David answers your questions about Ukraine amid all this death and sadness, though there’s no need for you to bother reading the replies (if you do go there, carry with you the image two teenage orphans rescued from Nova Kakhovka who just want to play ping pong1).
Roger Cohen of NYT had a very good piece over the weekend about how Moscow continues to be the capital of conspicuous consumption, with fleets of luxury cars and a dizzying array of high-end restauarants — seemingly unaffected. But my gut says there's more effect deep down.
Roger? Conspicuous consumption? Gut?
There is no good reason for someone to take the train from Ulan Ude to Belogorod. Ever. I remember doing an Anadyr, Sakha, Magadan, Vladivostok, Sakhalin, Khabarovsk trip in 1993. Lots of fun.
It’s too bad Roger didn’t make it to Chita and cities in the Far East and northern parts of Siberia. A visit to Syktyvkar in Komi or Murmansk would have been nice, maybe a two-hour helicopter ride to Chara to see the old prisoner barracks.
But back to David, fresh from the beach with a wine stain on his khaki shorts, slapping his forehead about one of Ukraine’s big problems2.
Why ask Ukraine’s military to do something Team USA wouldn’t?
Rather as one keeps tonguing a sore tooth to see if it still hurts, let’s take a boo at how the dingbats at the Kyiv Post are fellating their seven paying subscribers in this time of sorrow.

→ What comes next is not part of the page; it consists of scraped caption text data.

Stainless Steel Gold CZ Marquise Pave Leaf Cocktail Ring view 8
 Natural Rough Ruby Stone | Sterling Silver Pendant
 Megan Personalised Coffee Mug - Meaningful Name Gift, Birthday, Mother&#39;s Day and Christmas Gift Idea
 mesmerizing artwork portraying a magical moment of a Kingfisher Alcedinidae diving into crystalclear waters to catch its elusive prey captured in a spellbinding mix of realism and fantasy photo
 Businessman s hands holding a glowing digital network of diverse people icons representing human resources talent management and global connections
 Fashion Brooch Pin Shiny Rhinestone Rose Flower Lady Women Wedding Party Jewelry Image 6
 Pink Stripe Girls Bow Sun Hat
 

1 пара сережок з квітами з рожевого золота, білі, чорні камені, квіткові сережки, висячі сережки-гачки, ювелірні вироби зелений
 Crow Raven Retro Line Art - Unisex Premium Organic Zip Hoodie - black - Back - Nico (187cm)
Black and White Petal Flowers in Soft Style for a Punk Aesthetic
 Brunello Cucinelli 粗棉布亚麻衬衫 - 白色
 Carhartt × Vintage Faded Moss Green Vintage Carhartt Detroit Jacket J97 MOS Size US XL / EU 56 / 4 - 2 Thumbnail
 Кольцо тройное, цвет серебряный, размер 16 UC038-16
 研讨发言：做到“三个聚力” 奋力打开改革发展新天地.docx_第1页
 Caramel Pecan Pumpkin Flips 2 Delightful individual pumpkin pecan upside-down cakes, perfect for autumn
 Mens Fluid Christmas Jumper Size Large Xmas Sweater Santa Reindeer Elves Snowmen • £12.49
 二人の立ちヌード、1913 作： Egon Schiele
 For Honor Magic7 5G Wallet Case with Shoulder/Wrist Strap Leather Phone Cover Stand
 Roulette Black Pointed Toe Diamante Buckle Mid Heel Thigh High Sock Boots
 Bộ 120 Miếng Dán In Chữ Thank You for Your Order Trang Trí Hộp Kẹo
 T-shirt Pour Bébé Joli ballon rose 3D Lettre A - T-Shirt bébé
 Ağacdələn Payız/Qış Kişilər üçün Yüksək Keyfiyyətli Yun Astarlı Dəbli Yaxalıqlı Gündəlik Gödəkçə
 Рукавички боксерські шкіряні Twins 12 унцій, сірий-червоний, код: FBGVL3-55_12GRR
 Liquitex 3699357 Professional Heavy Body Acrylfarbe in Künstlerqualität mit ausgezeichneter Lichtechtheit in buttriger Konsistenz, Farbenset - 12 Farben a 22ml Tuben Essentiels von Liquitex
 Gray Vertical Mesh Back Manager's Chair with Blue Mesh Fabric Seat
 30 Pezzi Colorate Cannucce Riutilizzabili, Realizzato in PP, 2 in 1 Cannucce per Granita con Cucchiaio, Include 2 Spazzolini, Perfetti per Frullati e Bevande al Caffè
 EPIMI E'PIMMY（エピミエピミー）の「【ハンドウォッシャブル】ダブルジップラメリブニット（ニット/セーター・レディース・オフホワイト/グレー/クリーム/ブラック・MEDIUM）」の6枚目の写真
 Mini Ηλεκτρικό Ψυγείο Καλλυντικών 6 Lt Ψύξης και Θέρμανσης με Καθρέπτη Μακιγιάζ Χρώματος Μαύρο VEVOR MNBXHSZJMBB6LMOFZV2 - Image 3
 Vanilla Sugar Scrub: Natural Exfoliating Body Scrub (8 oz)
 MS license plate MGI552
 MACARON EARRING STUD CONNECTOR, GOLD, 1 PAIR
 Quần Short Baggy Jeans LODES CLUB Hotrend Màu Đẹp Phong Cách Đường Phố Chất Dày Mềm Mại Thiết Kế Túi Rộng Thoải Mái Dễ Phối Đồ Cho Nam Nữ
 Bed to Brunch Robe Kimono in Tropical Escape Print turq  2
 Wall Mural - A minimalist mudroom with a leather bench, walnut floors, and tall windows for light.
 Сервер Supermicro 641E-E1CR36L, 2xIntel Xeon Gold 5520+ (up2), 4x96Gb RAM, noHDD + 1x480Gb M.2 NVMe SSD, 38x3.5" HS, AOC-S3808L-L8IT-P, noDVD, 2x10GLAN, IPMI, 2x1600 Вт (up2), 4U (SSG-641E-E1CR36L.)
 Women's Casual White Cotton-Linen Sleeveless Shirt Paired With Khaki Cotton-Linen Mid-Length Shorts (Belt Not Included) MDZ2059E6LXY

Dead white male David Debatto, a retired US Army Counterintelligence Special Agent and Iraq war veteran, expresses his frustration for bleeding defence dry, but then tells us there’s no recourse except bending over to take it up the ass. Former welfare recipient Diane Francis concludes that the defeat of Russia and regime change is the final solution3. Sigh.
And on a street corner in suburban Washington, D.C. Mike Flynn is accosting passersby, pleading for someone, anyone, to listen.